Praktisi-praktisi hukum otonom menjadi pembuat dan penyebar “alasan artifisial”.

d. Orientasi pada peraturan cenderung membatasi tanggung jawab sistem hukum.

Persyaratan harus ada peraturan hukum positif tertentu telah membantu sistem
tersebut untuk menghindari tuntutan-tuntutan yang mungkin tidak mampu ia penuhi.

e. Hukum otonom tetap berkomitmen sebagai kontrol sosial, terutama dalam
jangka pendek, sehingga ia menjadi garda terdepan dalam melaksanakan
pengawasan dan kontrol sosial, meskipun kita tau bahwa hukum otonom telah menetralisir hukum represif.

Penempatan diri untuk taat terhadap hukum menjadi klaim tersendiri dari hukum otonom, baik pemerintahan maupun masyarakat harus menerapkan rule of law yang berbasiskan hukum dan ketertiban (law and order) yang mewajibkan masyarakat untuk taat tanpa syarat pada peraturan-peraturan yang telah diperintahkan oleh negara.

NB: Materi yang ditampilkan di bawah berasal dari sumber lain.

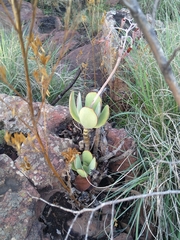Cotyledon orbiculata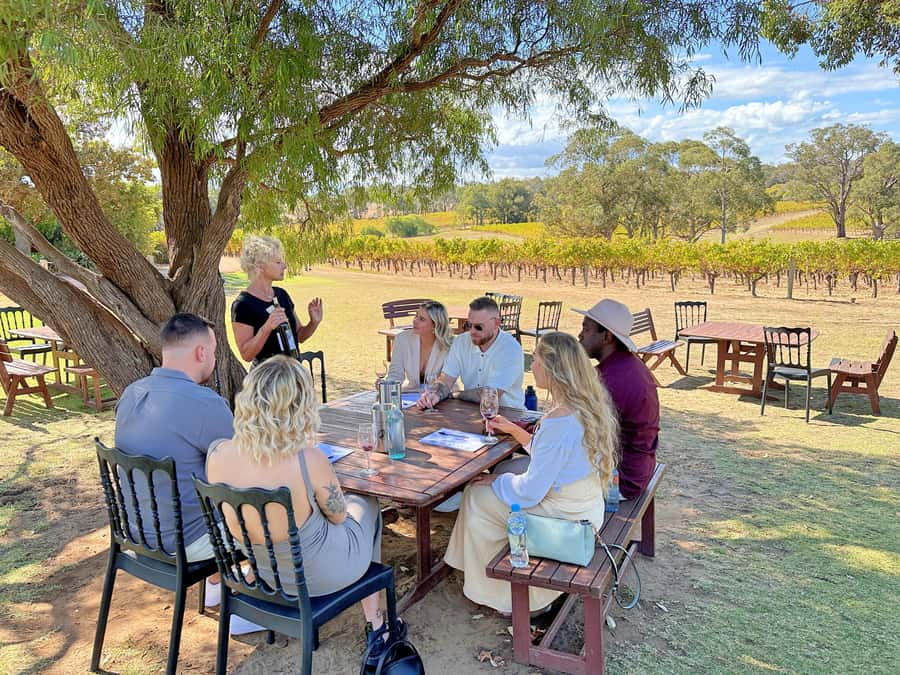 From Dunsborough/Busselton: Margaret River Wine Adventure - Price, Drinks Included, and What You Get for $123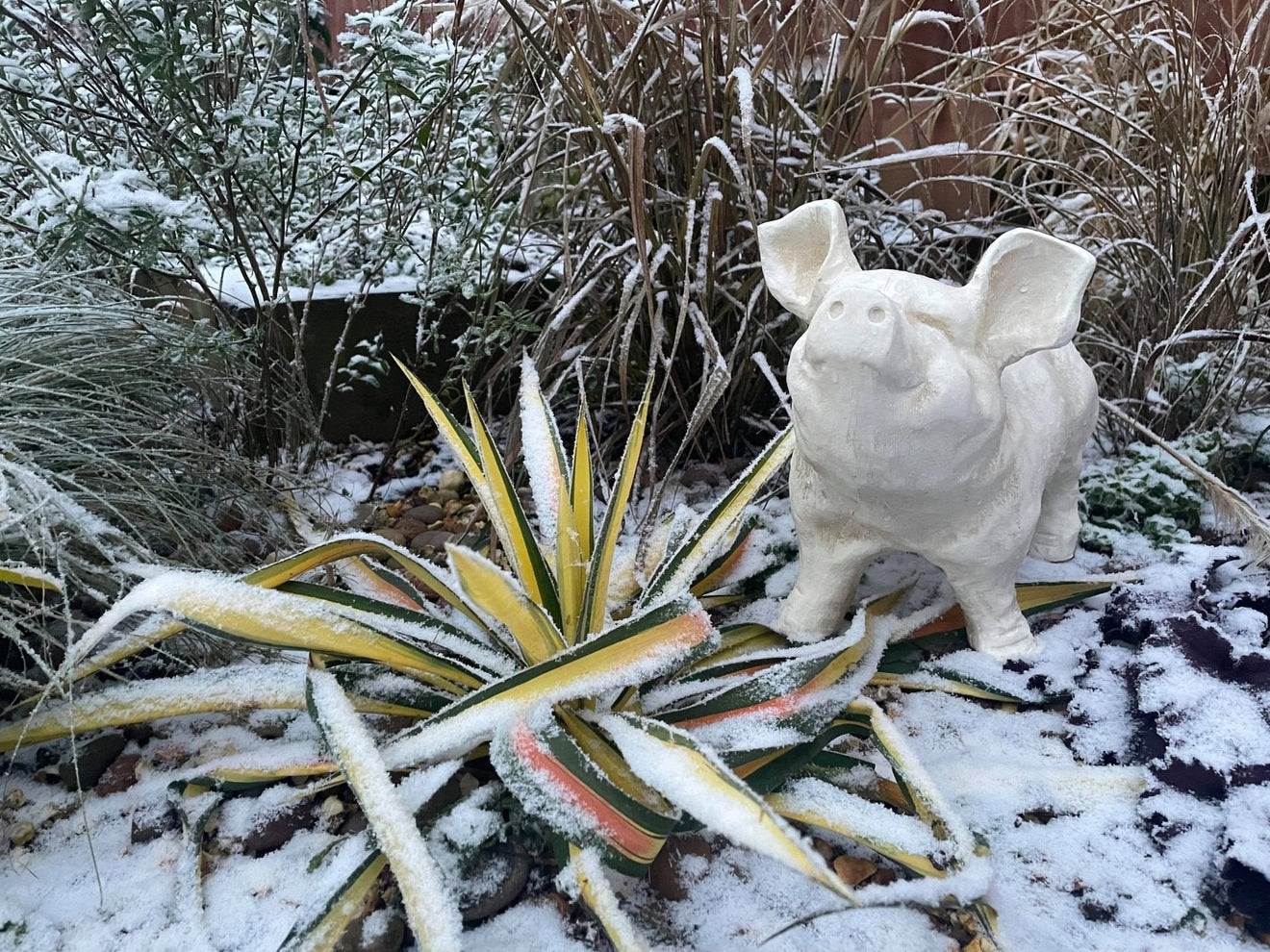 Happy Pig - White - Backyard Bliss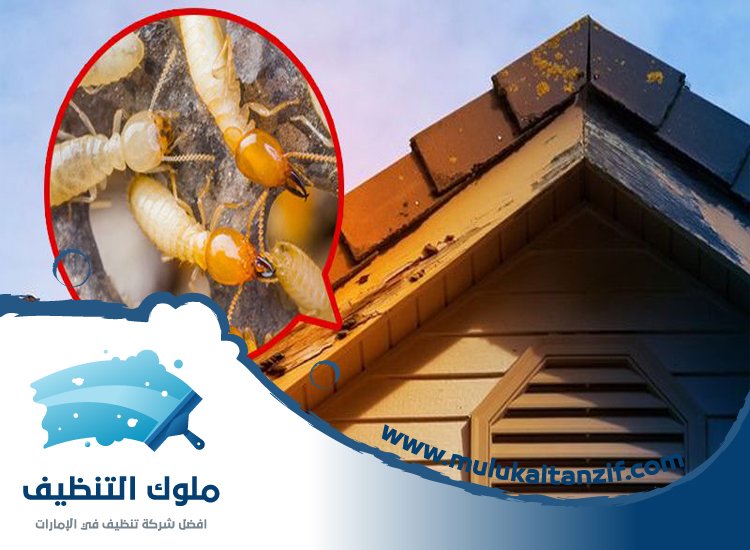 شركة مكافحة الرمة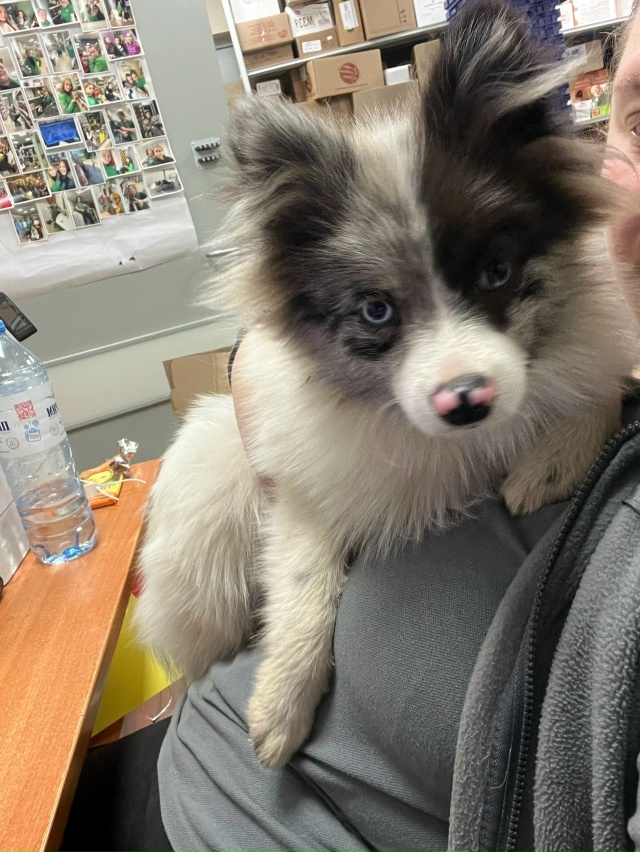 Помогите пожалуйста
Нашелся песель, забежал в магазин...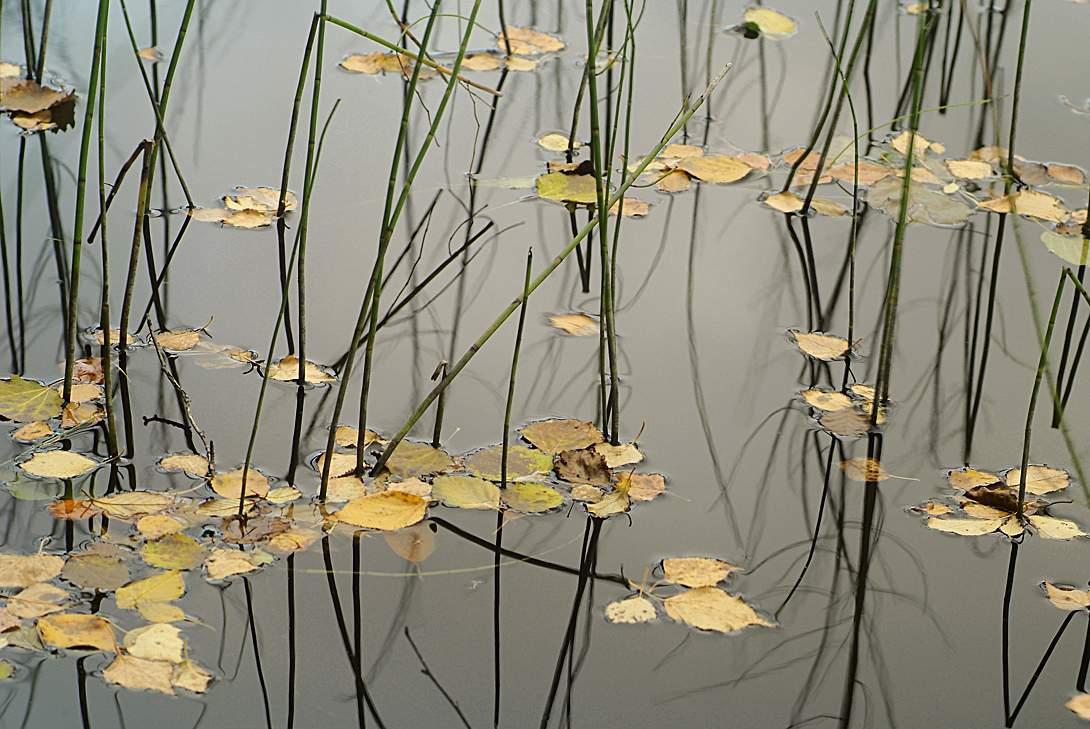 So hatte die Zusammensetzung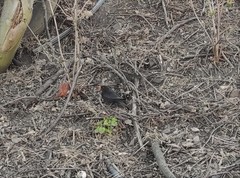 Turdus merula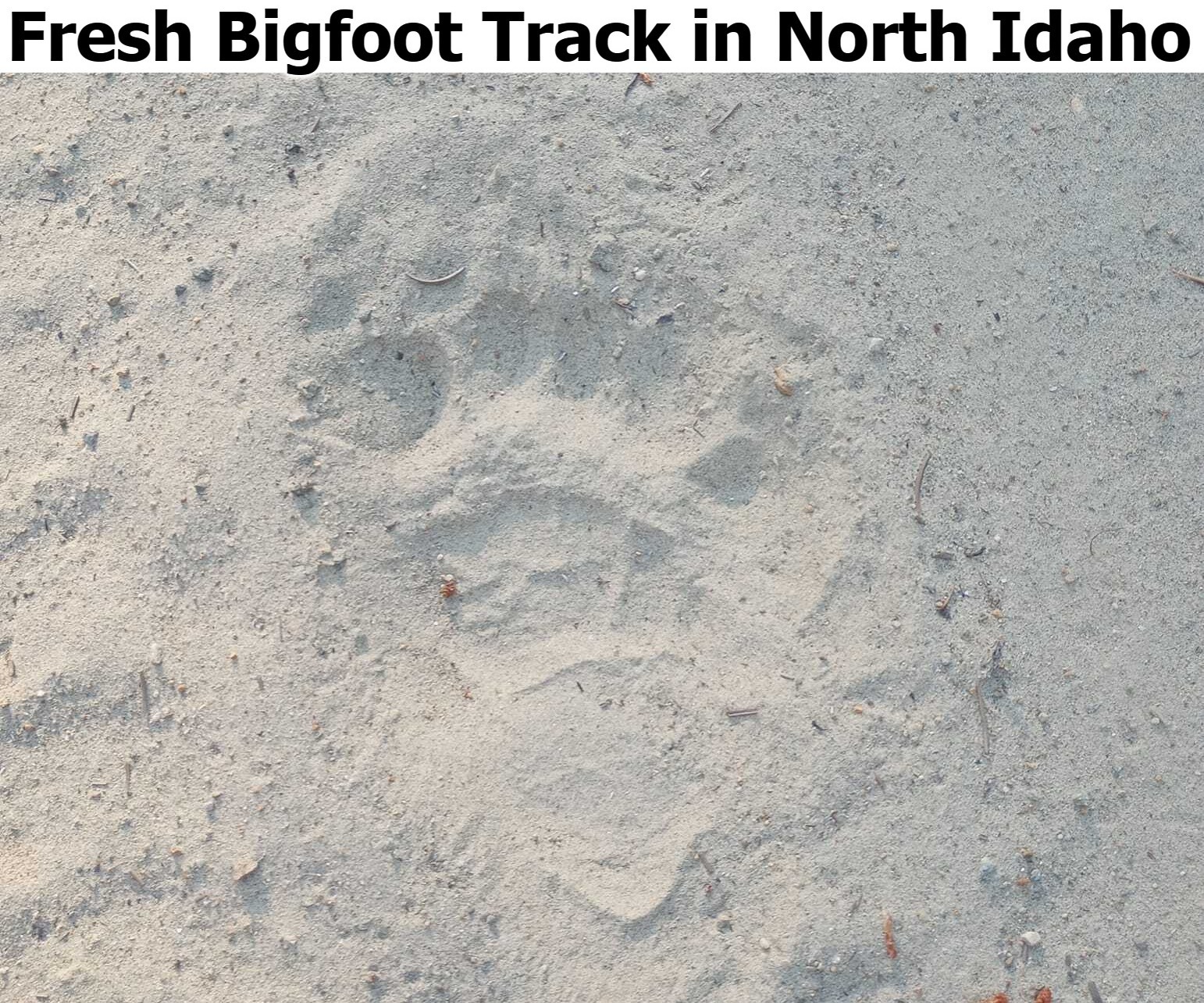 Fresh Bigfoot Track in North Idaho | image tagged in bigfoot,bigfoot tracks,north idaho,idaho,sasquatch,squawsnatch | made w/ Imgflip meme maker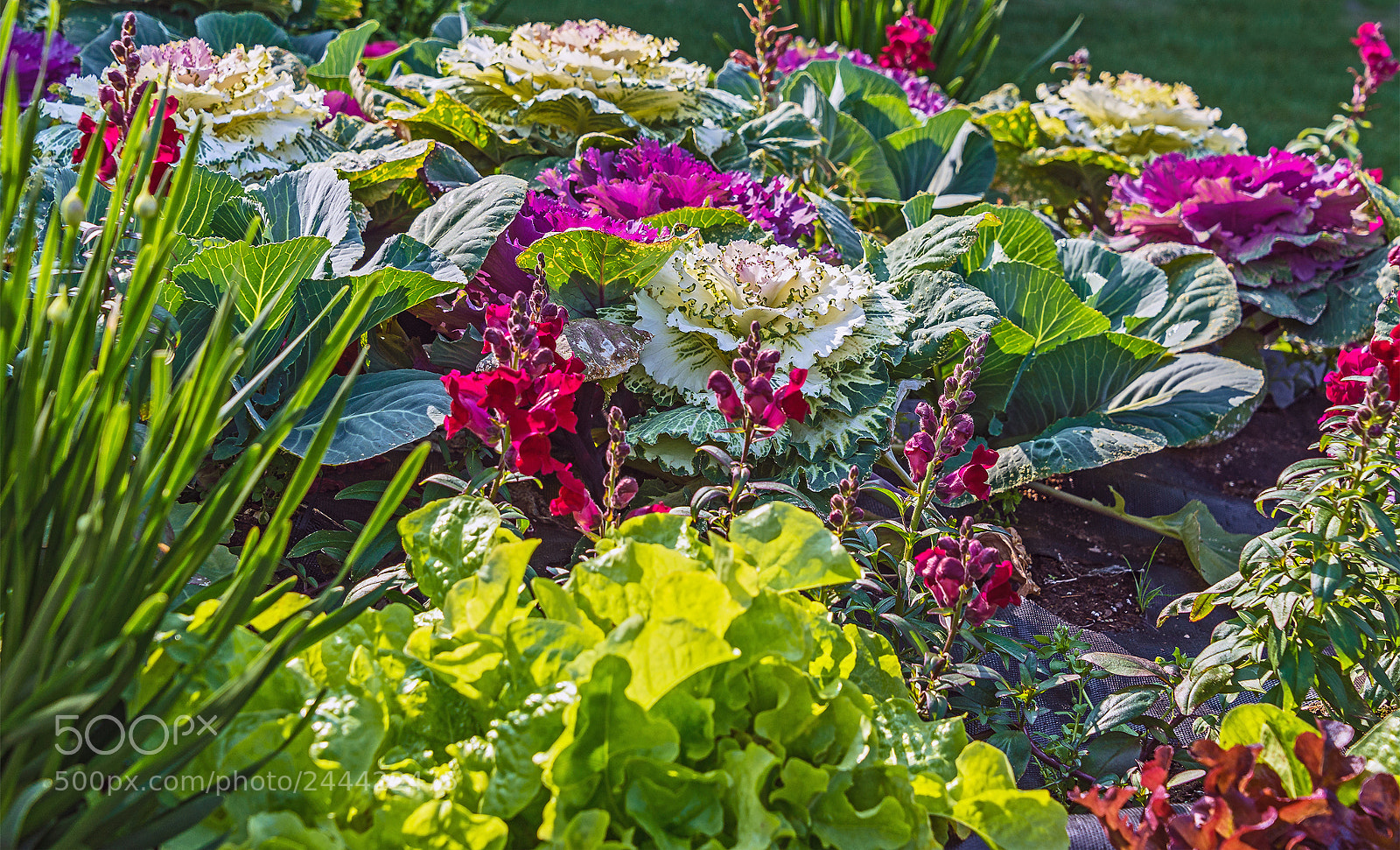 Nikon D610 sample photo. Summer colours of talkeetna photography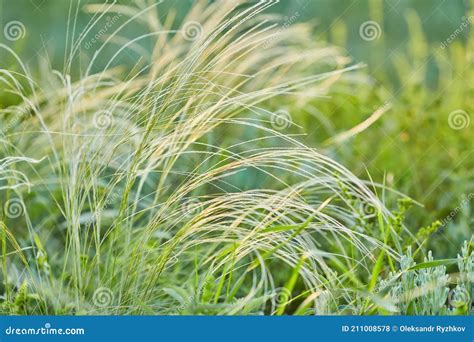 Field With Wild Grasses At Sunset Selective Focus Stock Photo Image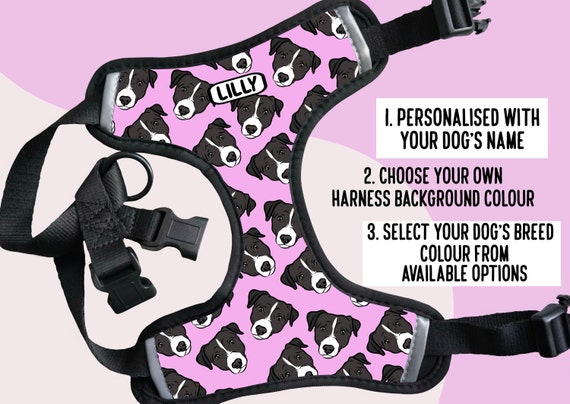 Dog harness for jack russell hotsell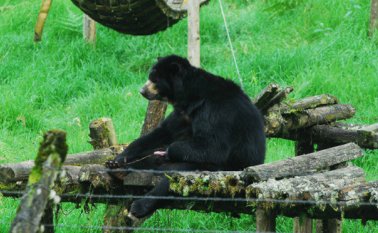 Chucho, que dejará de llamarse así en Barranquilla por políticas de “no humanización” del zoológico, pesa 230 kilos. Colprensa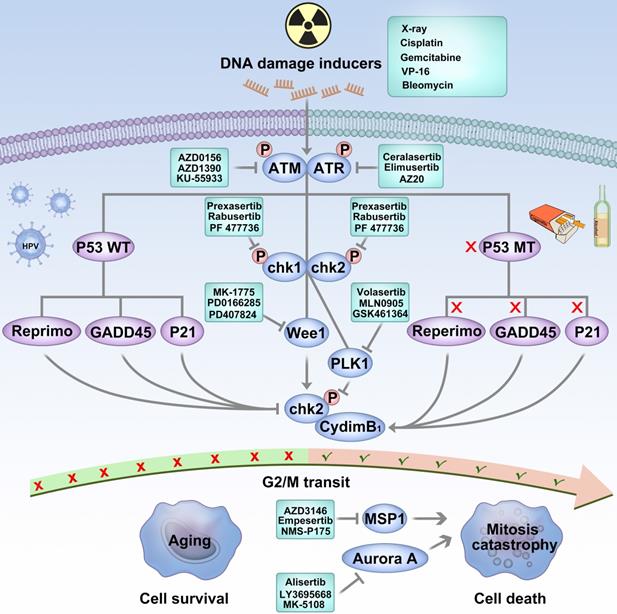 Int J Biol Sci Image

Apakah peraturan itu sejalan atau bertentangan dengan rasa keadilan warga negara hal ini tidak penting, warga negara tidak menilai hukum tetapi mematuhinya.

Tidak ada penilaian-penilaian terhadap hukum dari warga negara, meskipun nantinya peraturan itu dilakukan perubahan melalui proses politik, namun warga negara harus tetap taat pada peraturan yang baru tersebut.

Jadi semangat yang ingin dimunculkan oleh hukum otonom adalah ketidakleluasaan warga negara untuk berargumentasi terhadap peraturan.

Klaim ini memberikan kenyamanan pada hukum otonom untuk bergerak dan berpusat pada peraturan-peraturan (rule centered).

Peraturan-peraturan yang tepat dan kewajiban-kewajiban yang tegas berjalan bergandengan. Untuk warga negara serta pejabat-pejabat publik tempat bagi diskresi dipersempit.

Implikasi Hukum Otonom di Indonesia
Indonesia sebagai negara hukum (rechtstaats) yang tetap memberikan kekuasaan / otoritas kepada lembaga-lembaga penegakan hukum (law enforcement) untuk melaksanakan wewenangnya melalui prosedural hukum yang telah ditetapkan.

Hal ini tergambar dari pembukaan UUD 1945 yang menegaskan bahwa “Indonesia adalah negara kesatuan yang berlandaskan hukum (rechtstaats) dan bukan kekuasaan belaka”.

Jadi meskipun hukum mendapatkan otoritasnya,namun hukum diberikan kepada pemegang kekuasaannya untuk dijalankan.

Dengan demikian kita dapat mengatakan Di Indonesia kekuasaan dijalankan dengan berpedoman pada peraturan perundang-undangan positif.

Kondisi seperti ini sebenarnya sinergis dengan hukum otonom yang digambarkan karakteristiknya oleh Philippe Nonet dan Philip Selznick. Otoritas itu disandarkan pada lembaga-lembaga kekuasaan yang telah diatur dalam perundang-undangannya masing-masing.

Dalam law enforcement di lapangan hukum kepidanaan yang bersifat umum (general law enforcement), terdapat beberapa institusi yang memiliki kewenangan, yaitu Kepolisian, Kejaksaan, Pengadilan, Lembaga Pemasyarakatan dan Advokat.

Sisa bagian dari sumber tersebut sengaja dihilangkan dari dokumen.